Control Gain Tuning (Discrete-Time)
Why discrete time matters
Most controller equations are derived in continuous time, but simulation runs
in discrete timesteps. If you increase gains without considering the timestep
(dt), an otherwise “reasonable” PD controller can become unstable purely due
to discretization.
This page gives practical gain-tuning guidance for DART’s default
semi-implicit Euler stepping (World::step()).
A simple 1-DOF mental model
For a single actuated joint with inertia I, the dynamics are:
I * ddq = tau
A PD controller is:
tau = Kp * (q_des - q) + Kd * (dq_des - dq)
In continuous time, it is common to choose gains via a desired natural
frequency omega (rad/s) and damping ratio zeta:
Kp = I * omega^2
Kd = 2 * zeta * I * omega
In simulation, stability depends strongly on omega * dt. As a rule of thumb,
pick omega such that omega * dt is comfortably below 1 (often closer to
0.1 for stiff/high-accuracy tracking).
Practical tuning workflow in DART
Start with a conservative
dtand verify the model behaves plausibly with no controller (gravity, contacts, joint limits).Implement PD with modest
omegaandzeta ≈ 1(critical-ish damping).Increase
omegagradually until you hit a stability/quality limit, then either:reduce
dt, orback off gains / add compliance (implicit springs/damping).
If you change dt, expect to re-tune gains. Keeping omega * dt roughly
constant is usually more predictive than keeping Kp or Kd constant.
Use configuration-space differences
For joints with non-Euclidean coordinates (e.g., rotations), subtracting position vectors can produce the wrong error direction/magnitude.
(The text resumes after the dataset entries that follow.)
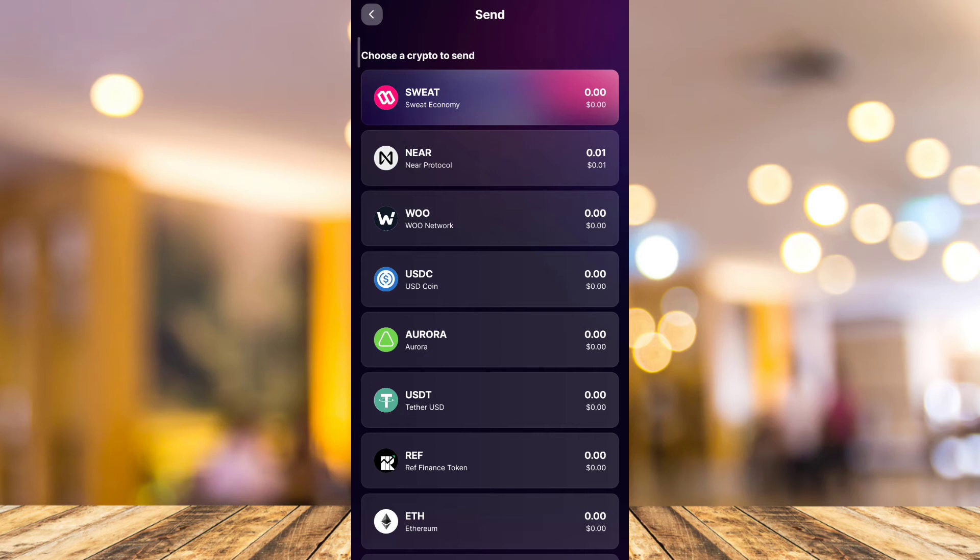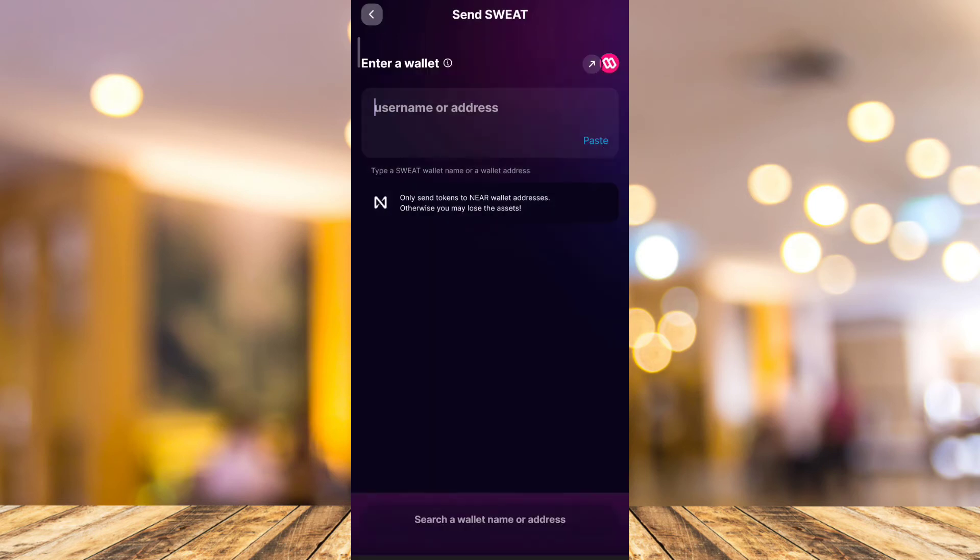The Sweat currency is located at the top of your screen — tap on that. Next, you just need to paste your Trust Wallet address, then confirm and set the amount that you want to transfer. That's how you basically withdraw your Sweat Coin to your Trust Wallet.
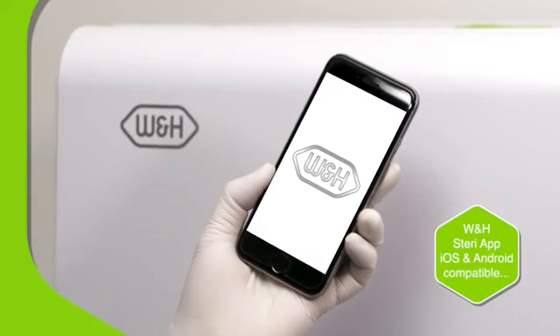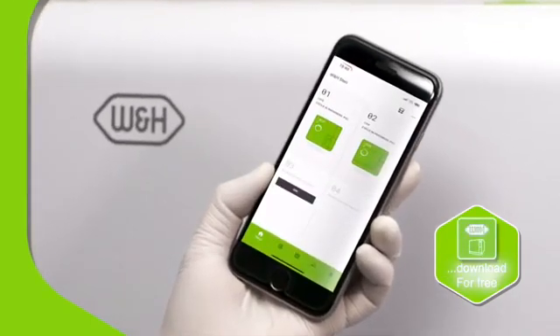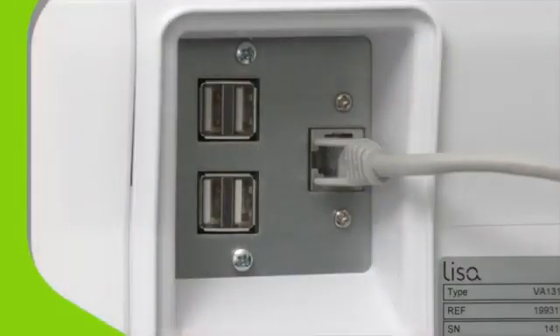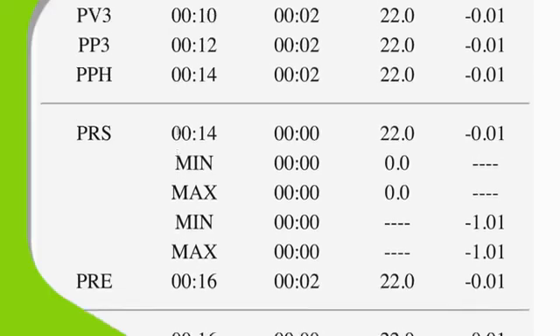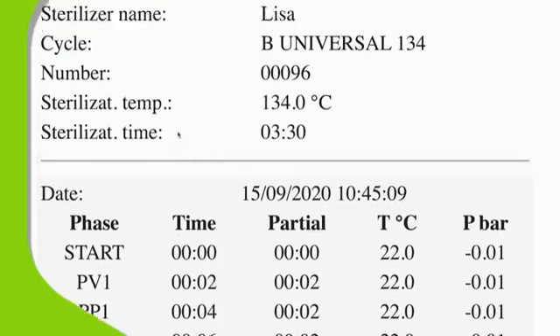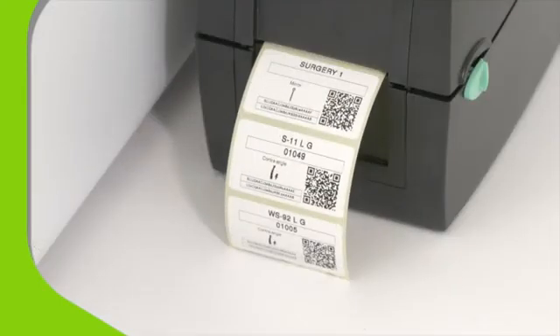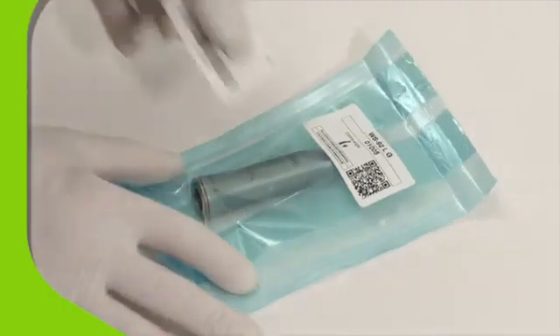With the W&H Steri app, you can remotely monitor up to four Lisa sterilizers at once, either using a tethered LAN connection or our optional Wi-Fi kit. The remote data storage function makes record keeping effortless. Optional extras like the LisaSafe label printer and QR scanner allow you to make full use of the unique Elitrace system for complete peace of mind.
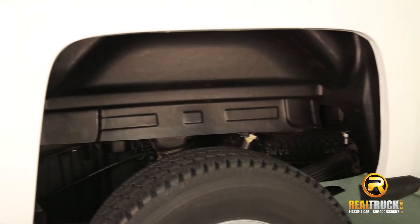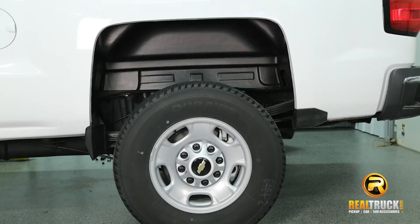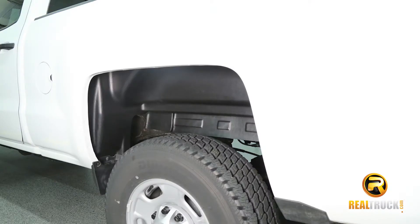Hey, it's Keela at Realtruck. Take a look at the rugged rear wheel well inner liners. These liners improve the look of your truck and provide added protection against rocks, dirt, salt, and rough weather conditions.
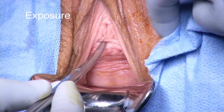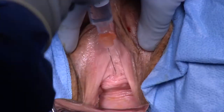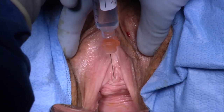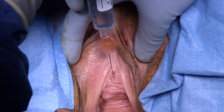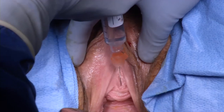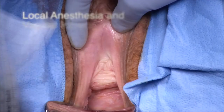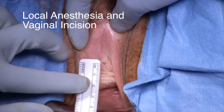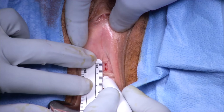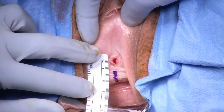The vaginal speculum is placed. Here you can see important anatomic landmarks, notably the level of the mid to distal urethra and the level of the bladder neck. 1.5% lidocaine with epinephrine is injected under the vaginal mucosa. A 1 cm long mark is made along the distal anterior vagina starting 1 to 1.5 cm from the urethral meatus in order to approximate the area of the mid to distal urethra.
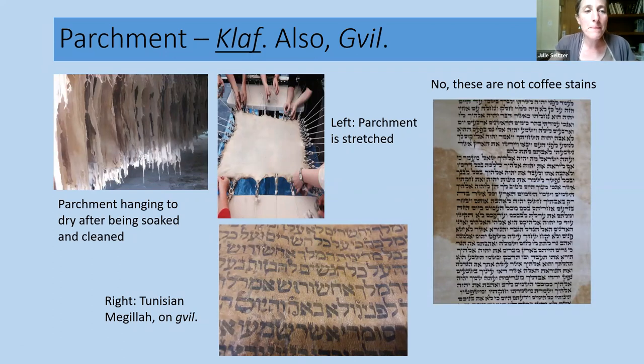The parchment is made from kosher animal skin. There are generally two kinds: claf, which is most common now, and gvil. Gvil is the full skin — it's thicker, and you see it used most often in North African scrolls. Today most Torahs are written on claf, which is thinner. Both are made from animal skin, just through a slightly different process.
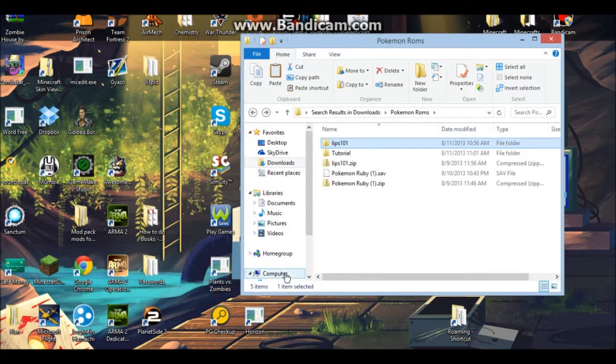The link to Lunar IPS and VisualBoyAdvance, which is the emulator I'm using, is in the description. I'll also link CoolROM because it's the best ROM website by far.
Prefer:
Skeleton::getPositionDifferences(q_des, q)Skeleton::getVelocityDifferences(dq_des, dq)
These compute errors in the appropriate configuration/tangent spaces.
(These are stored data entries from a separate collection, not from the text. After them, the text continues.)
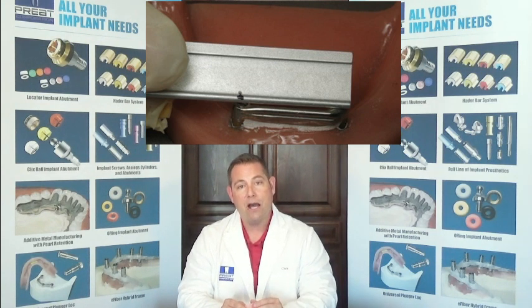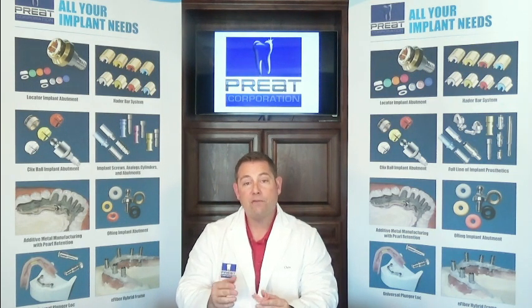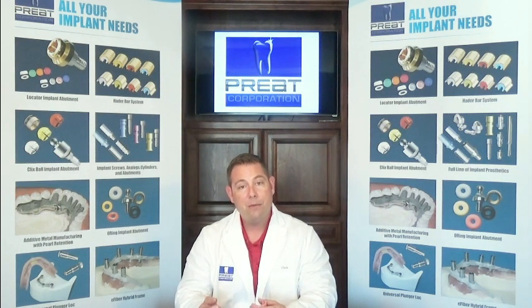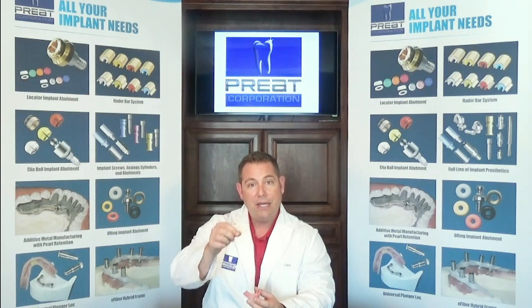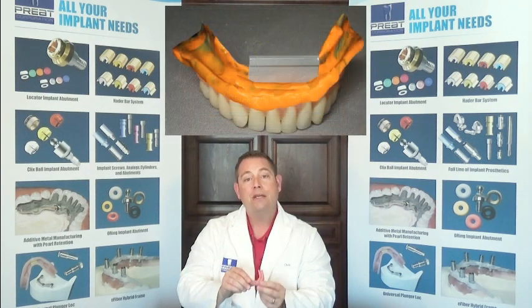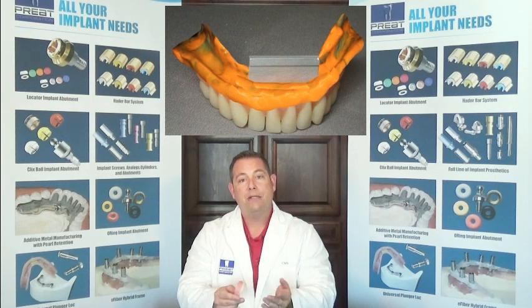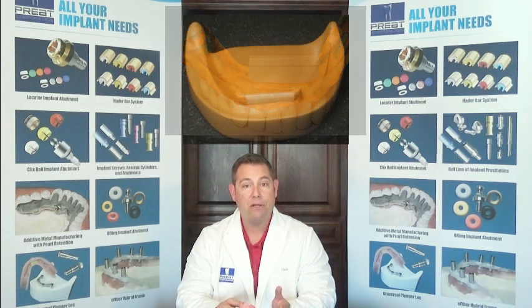The second analog option is a Delrin analog bar. Delrin is an excellent material — you can process acrylic against it and it won't stick to it. Delrin is also easier to manipulate; you can take scissors and cut it, or use a disc. The same protocol applies: cut the Delrin bar down to the length of the segments in the mouth, index those back into the prosthesis, and pour up the cast. Your cast will have the analog bars in place exactly where they are in the mouth.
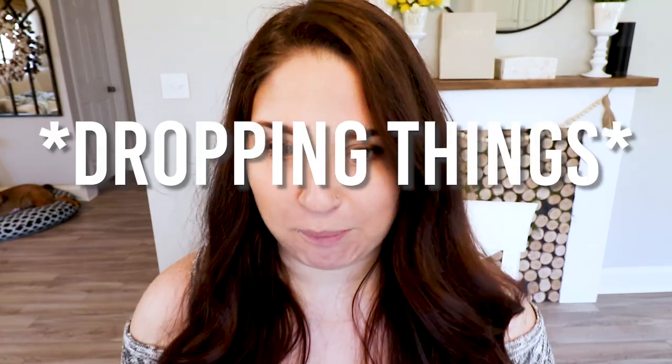Hey guys, welcome back to my channel. I am back in business — I took a little break but I am back now and I am super excited to share with you this project here. This is a faux whipped cream topper for Rae Dunn mugs, but you can put them on any kind of mug. I am so happy with how this came out and I'm super excited to share how I did it, what to do and what not to do. So without further ado, let's get into the video.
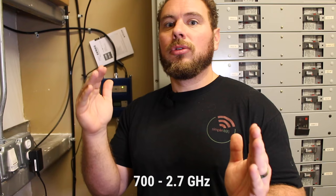That covers LTE, cellular bands, AWS bands, and PCS bands. There are four different bands inside the cellular spectrum, which range from 700 MHz to 2.7 GHz. This frequency range is where all the cellular carriers are transmitting and receiving for your phone calls and internet signal to your phone.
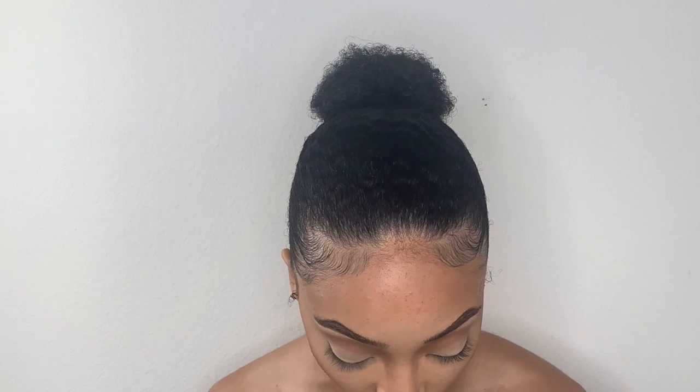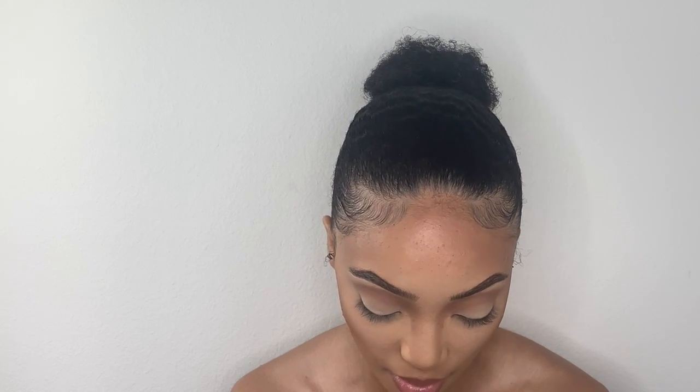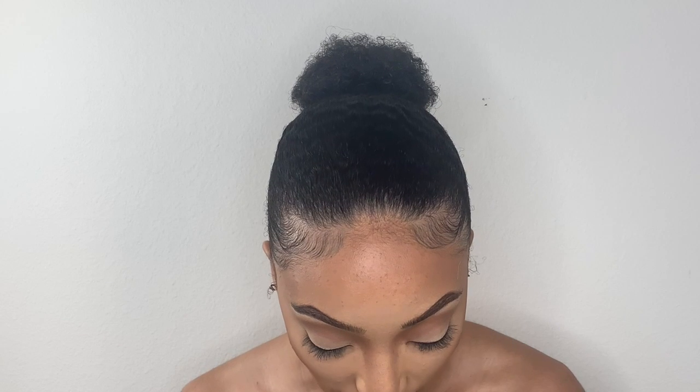Now we're going in to line our eyes with the Glott eyeliner gel. I did a really thin line on the top and just lined the bottom as well. Then I'm going in with my mascara — the Colossal Big Shot by Maybelline.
Floating-base models: unactuated DOFs
Many skeletons have an unactuated floating base (typically the first 6 DOFs). Your controller should not apply torques there:
Set the corresponding entries in
tauto zero, orUse joint-level APIs and skip those DOFs explicitly.
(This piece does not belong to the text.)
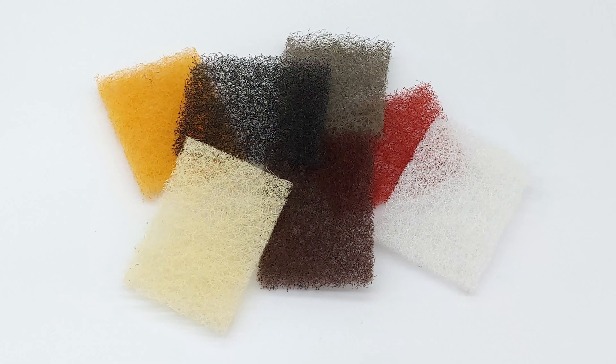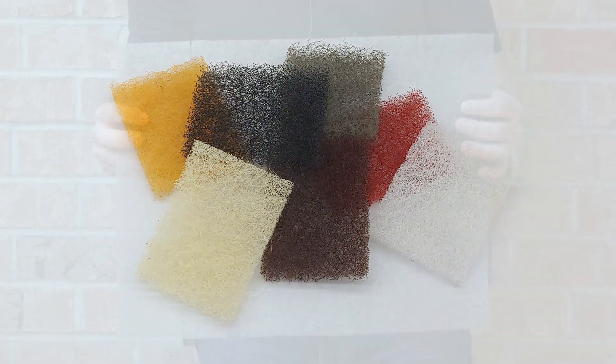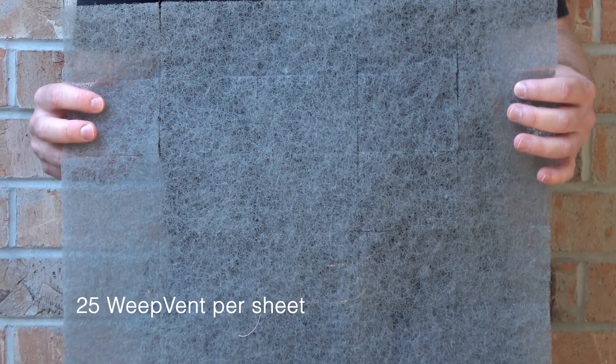Masons told us it was easy to lose the individual pieces on the job site, or the wind would just blow them away. So now they're manufactured in sheets for easier handling.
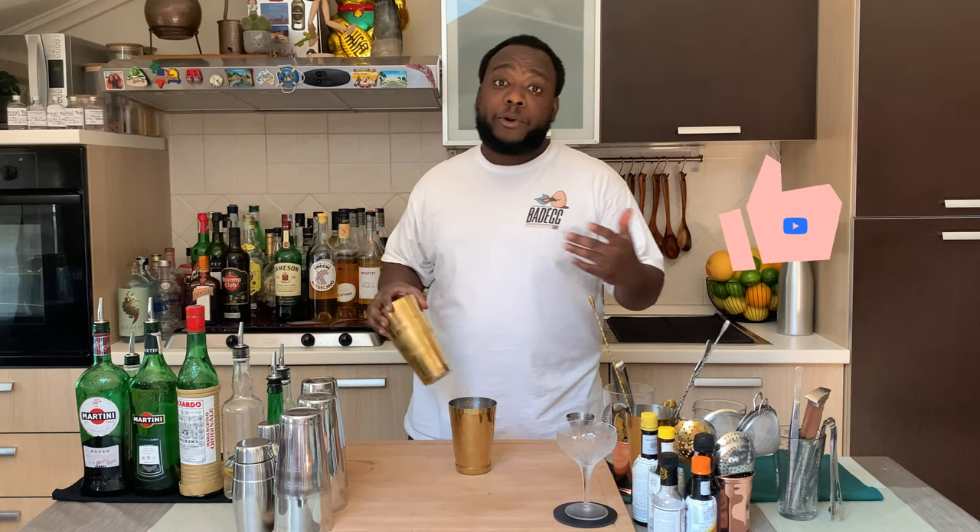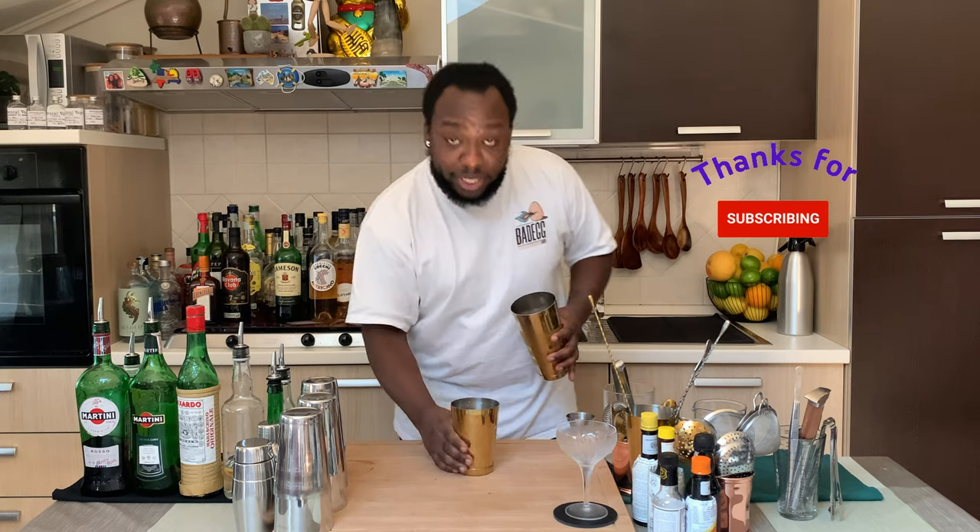That's it for a start guys. Remember to subscribe, comment and like my videos. Thank you very much for your support. Let's go!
Saturation and safety clamps
Real actuators saturate, and so should most simulation controllers. Clamping
tau (or commands) can prevent numerical blow-ups during transients, bad
initial conditions, or contact events.
Derivative noise and filtering
The “D” term is sensitive to noisy velocities (especially if you compute
numerical derivatives of positions). Prefer measured/true dq from the
skeleton, and if needed apply simple low-pass filtering to dq or to the
computed tau.
See also:
Control Theory Primer (PD and inverse-dynamics overview)
Simulation Stability Checklist (stability checklist for high gains)
Gallery (maintained Filament simulation scenes)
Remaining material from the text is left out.